Founded in Basque in 1906, Izarra's official name was originally “Fine-Hendaye”, because at the time all Basques ordered fine-hendaye, a liqueur made with plants in bouilleurs de cru in the Hendaye region, cut with water. Joseph Grattau had decided to take this generic name and make a brand name out of it. The following year, he had to rename his Fine-Hendaye. The name Izarra was chosen, which was a simple tagline.
At the end of a legendary match of Basque pelota, the champion Chiquito de Cambo gave the King of England, His Majesty Edward VII, his chistera along with a bottle of Izarra. From that day on, Izarra was used as a symbolic gift from the Basque Country to all the celebrities who came to visit, from Ernest Hemingway to Nikita Khrushchev.
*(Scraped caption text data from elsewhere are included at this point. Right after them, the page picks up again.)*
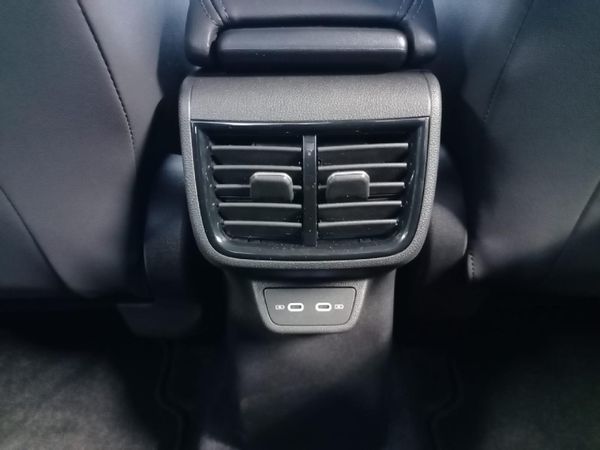 2026-Volkswagen-Polo-Sedan-10TSI-Style image:21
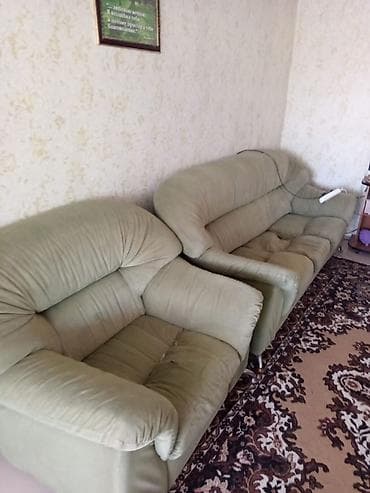 Отдам ДАРОМ !!! - Тип: классические мягкие кресла с высоким спинным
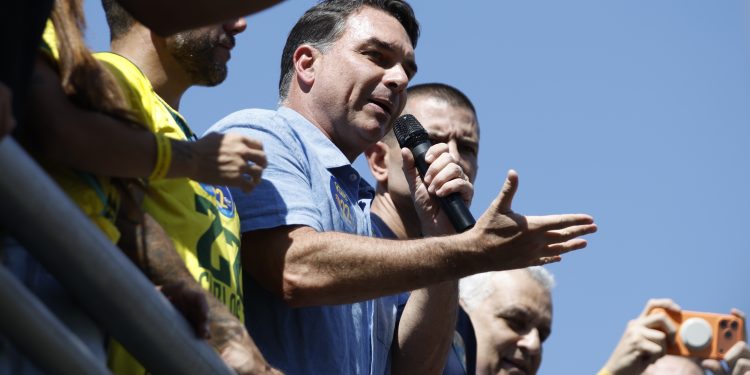 Flávio interrompe campanha e fica em Brasília para se contrapor ao fim da escala 6x1 e tentar esvaziar bandeira de Lula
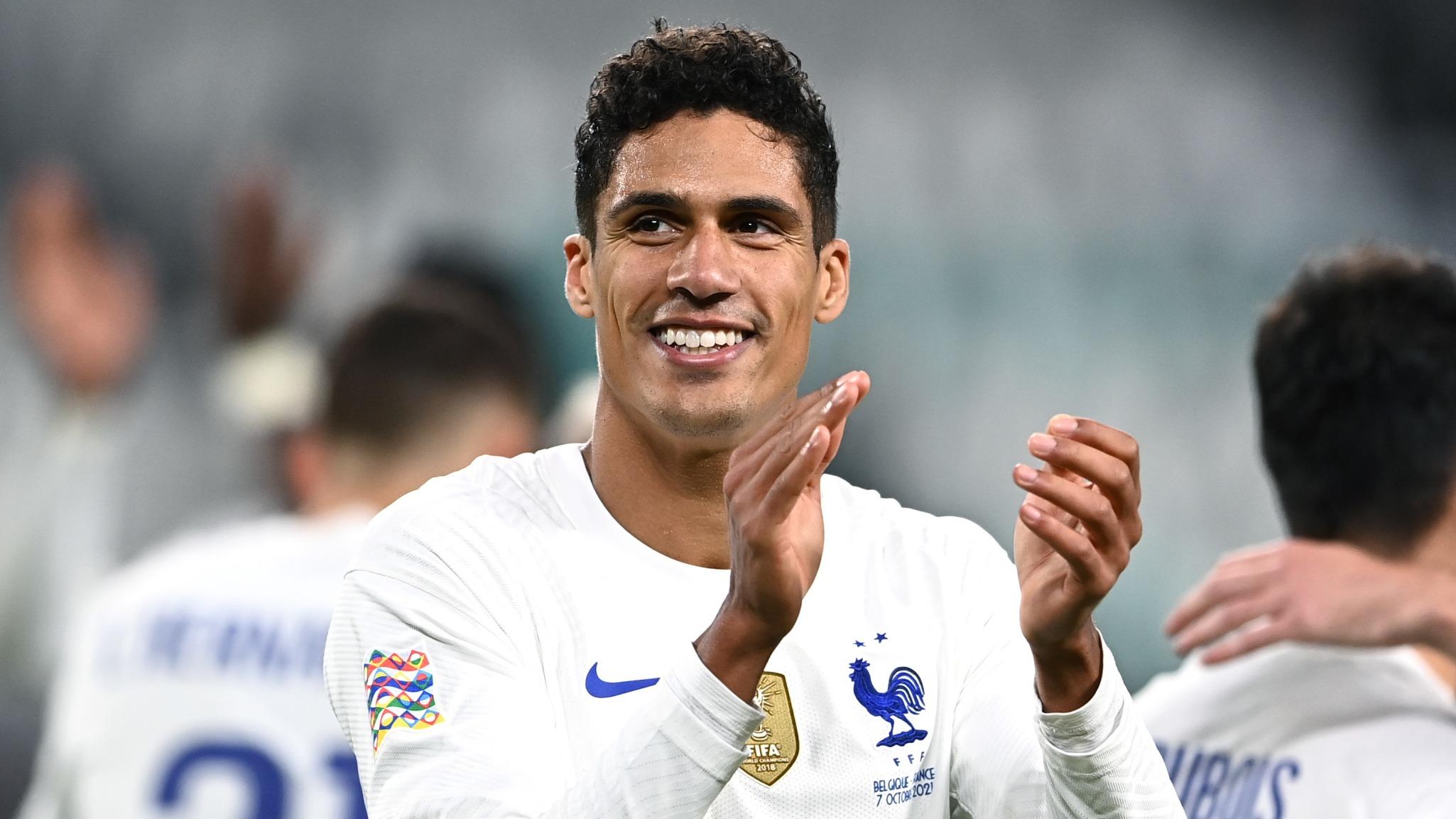 Raphaël Varane est-il le plus grand défenseur de l'histoire de l'équipe de France ?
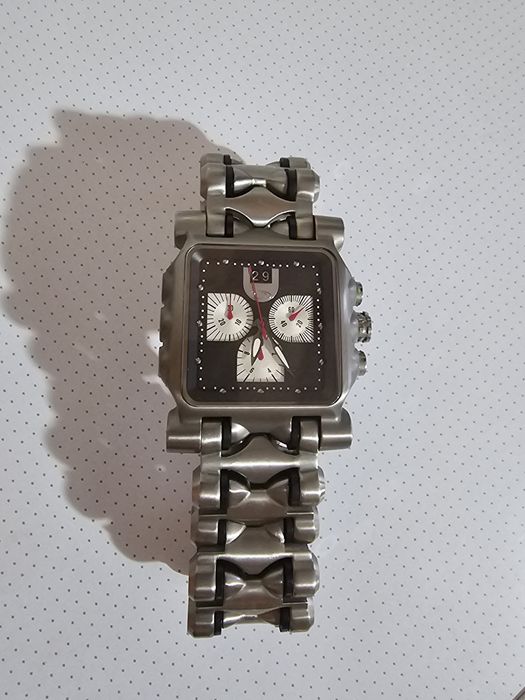 Продам редчайшие коллекционные часы Oakley Minute Machine (Time Tank)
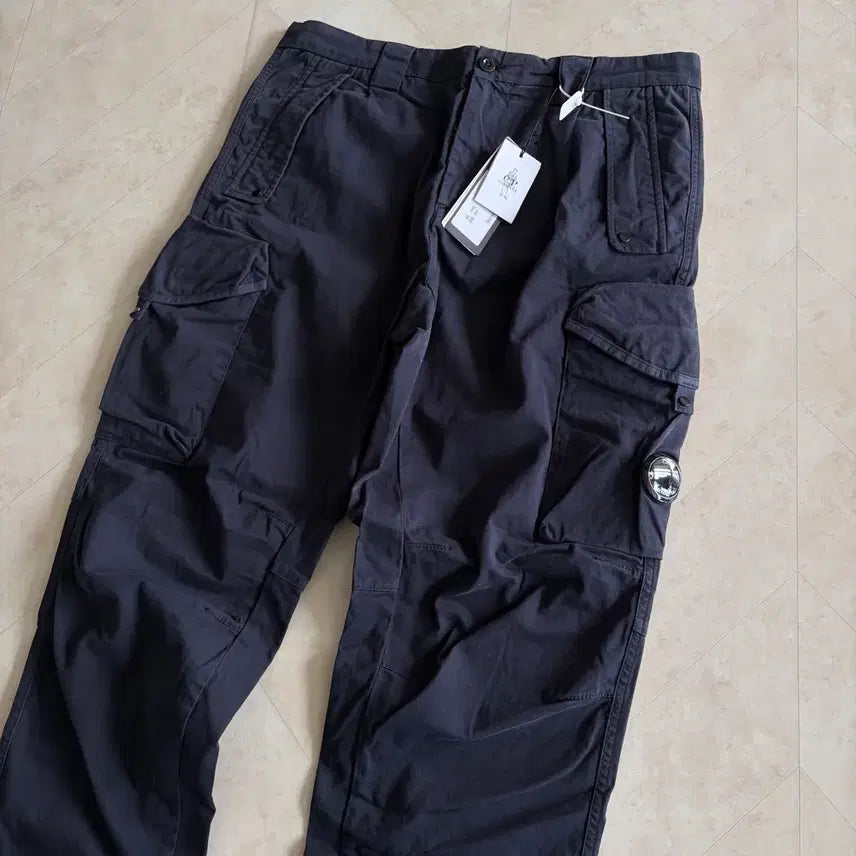 [BUNJANG] CP Company Stretch Lense Logo Pants Navy / [새상품]CP컴퍼니 씨피컴퍼니 스트레치 루즈핏 렌즈 로고 팬츠 네이비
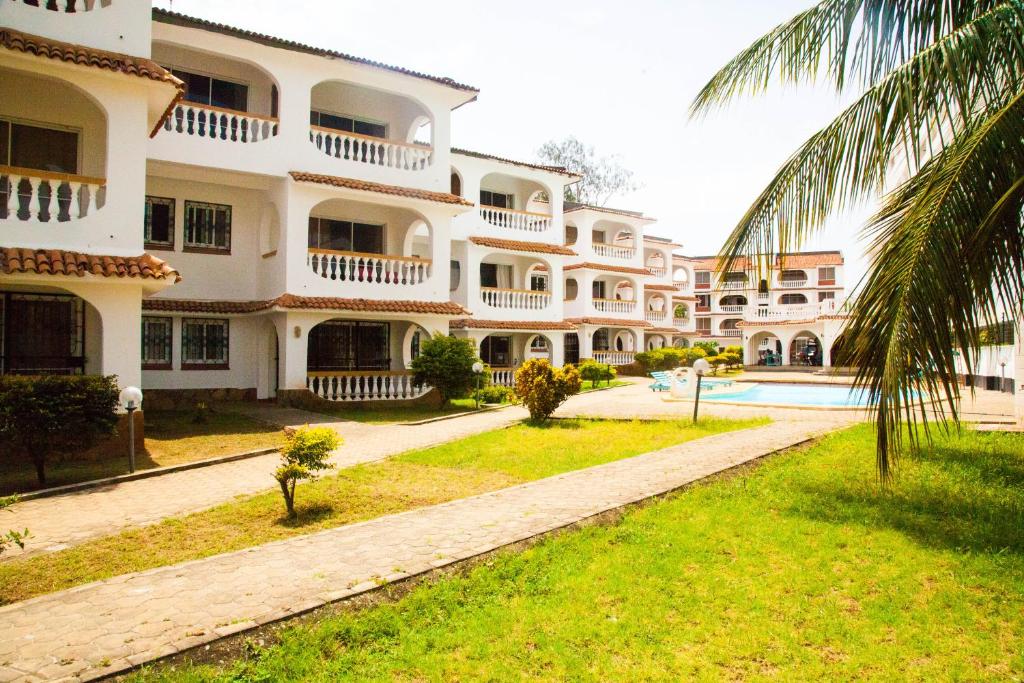 Bamburi Beach Villa Mombasa Kenya Booking Com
Built in 1912 and early 1913, the distillery on Quai Bergeret in Bayonne welcomed nearly one million visitors over the century and saw four generations of Bayonnais succeeded each other at the commands for the elaboration of Izarra. Izarra’s success required the transfer of distillation operations from Hendaye to Bayonne to get closer to the commercial port. Izarra liqueurs were marketed abroad starting in 1910 and its distribution reached over seventy countries during the thirty boom years after World War II. Today, Izarra is going international again.